The survey, which polled 2,000 adult consumers from the UK, reveals that nearly half of respondents are changing their habits by donating old clothes to charity (49 per cent), repairing clothes (29 per cent) or giving them away to family and friends (23 per cent). Some Brits are also shopping on the high street less in favour of visiting charity shops (28 per cent); buying from online marketplaces and communities (15 per cent) or buying from car boot sales (9 per cent). 17 per cent are also up-cycling their clothes and reinventing their current wardrobe.

In the wake of the cost-of-living crisis, 47 per cent admit to being more sustainable to save money, 45 per cent to help reduce wastage and 21 per cent to tackle climate change. Additionally, research from the British heritage fabric dyeing company cites that TV has influenced one in five shoppers (22 per cent) in their decision to become more sustainable. 

The nation’s behaviours have changed over the years, with one in three (33 per cent) respondents saying they are being more sustainable with their clothing habits compared to five years ago.

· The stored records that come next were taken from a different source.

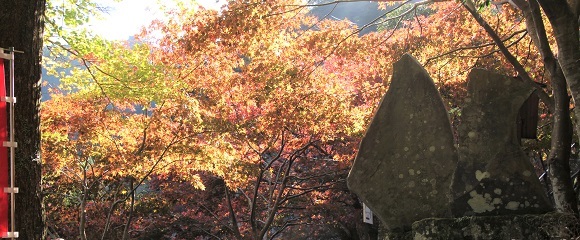 大山寺への参道のモミジ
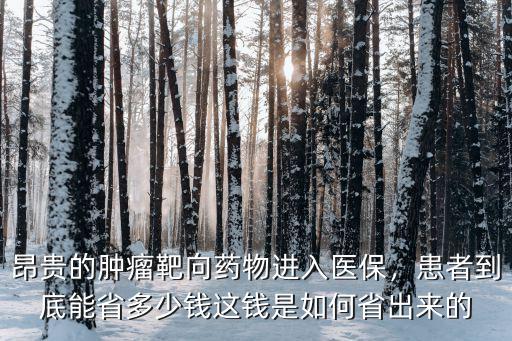 浙江出的靶向藥多少錢,一粒靶向藥多少錢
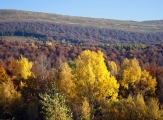 Bieszczady 21.10.2012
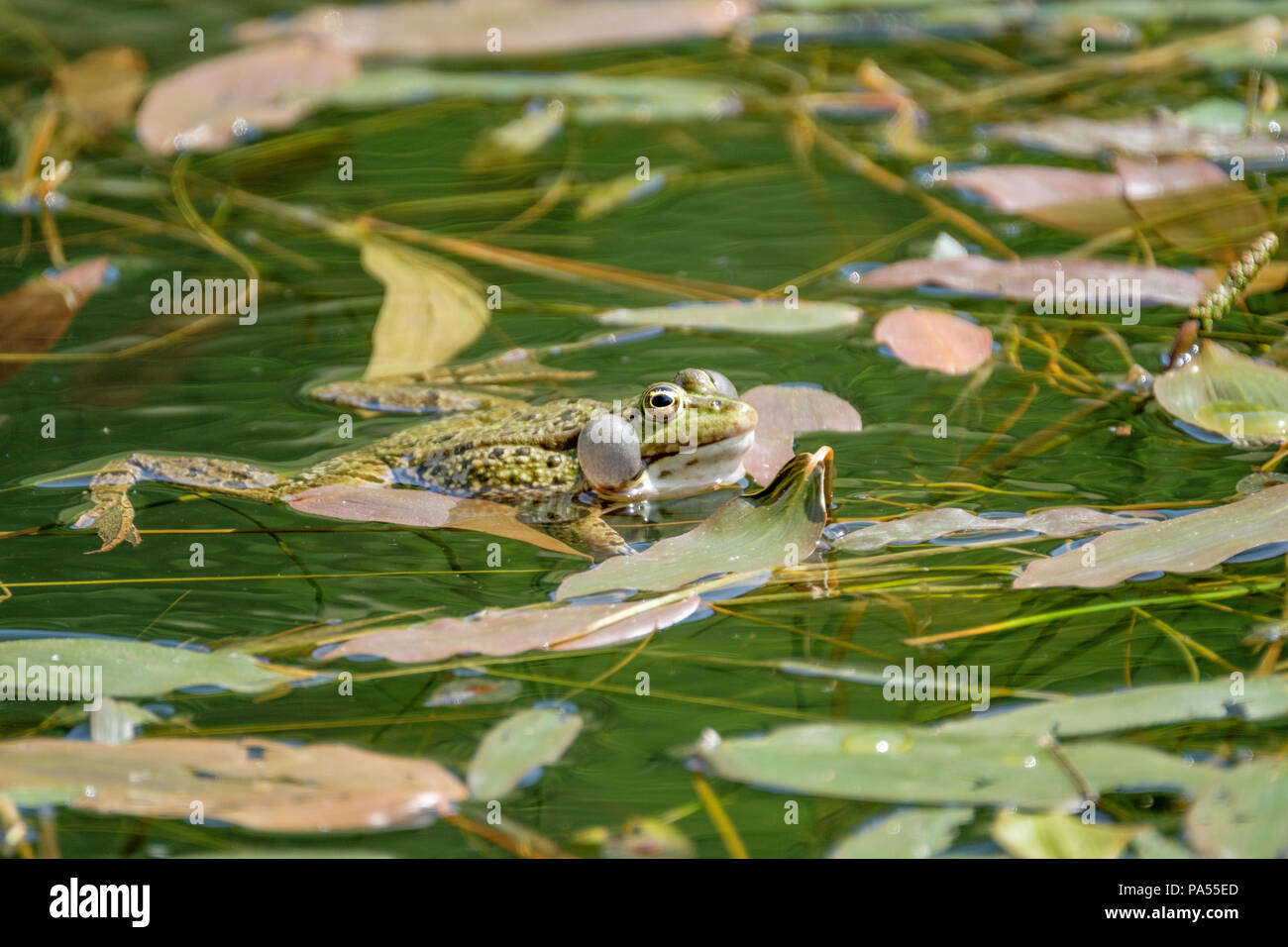 Der Anruf von einem Frosch. Frösche in einem schönen frisches Wasser Teich in der Schweiz Stockfoto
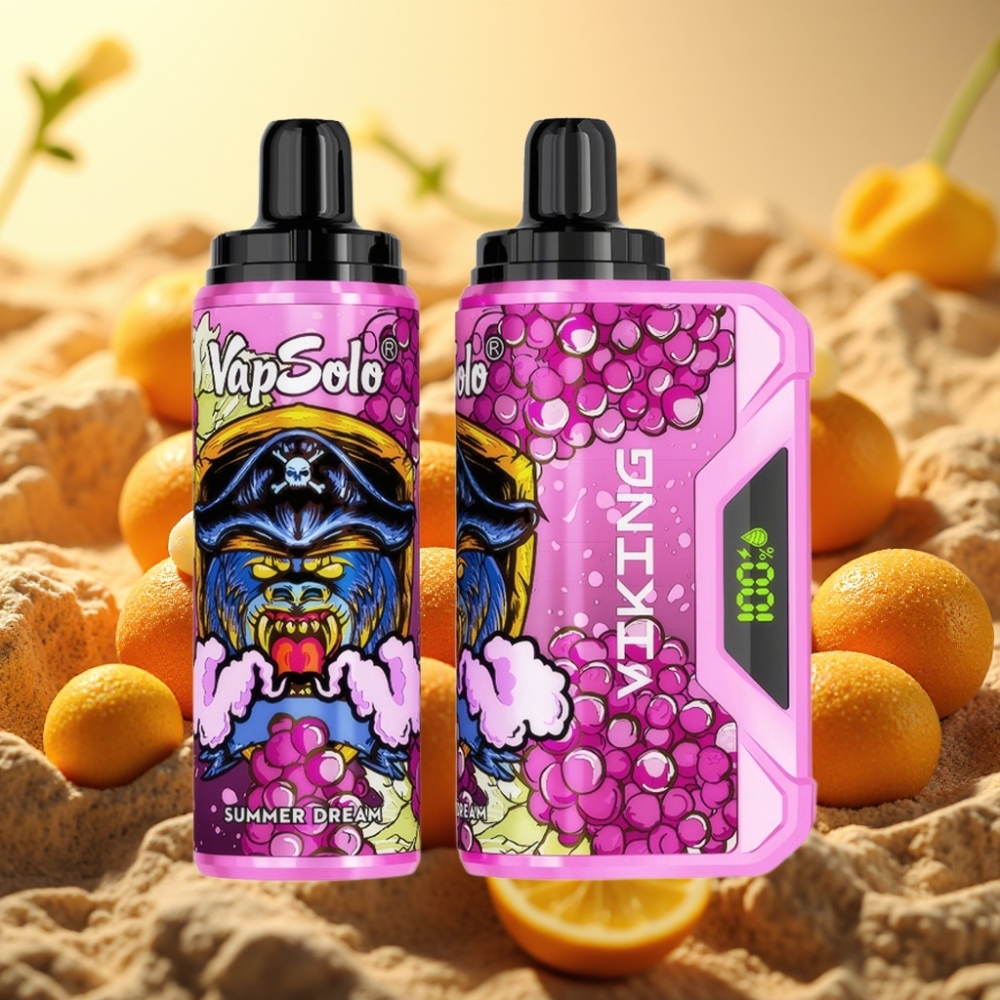 VapSolo VIKING 12000 Puffs 22ml Ljetni San Tip-C LED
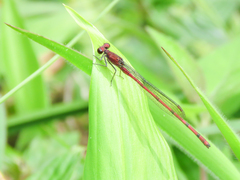 Oxyagrion pavidum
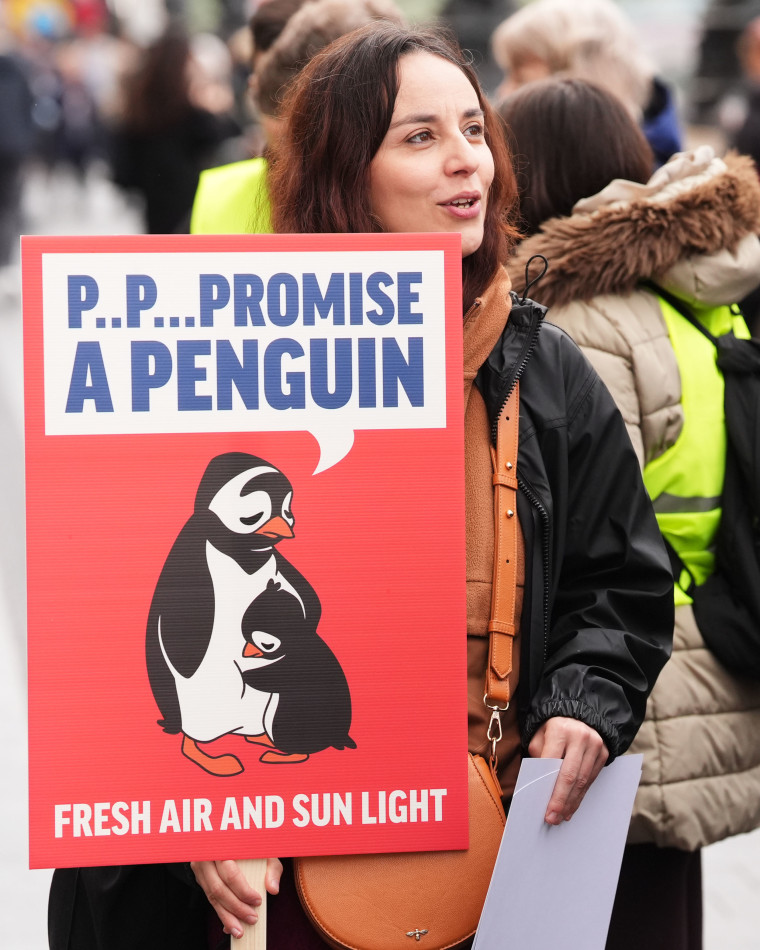 Libre la manifestación de los Quince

Nasim Bagherian at DYLON Dyes comments: “Although the research shows how we, as a nation, are making great strides in terms of our sustainable fashion choices, our research also reveals that one in four people discard clothing when it fades and loses colour, with people throwing away seven items a year, on average, due to colour fade. To extend the life of your clothes, consider dyeing them as it’s an easy and sustainable way to give them a new lease of life.”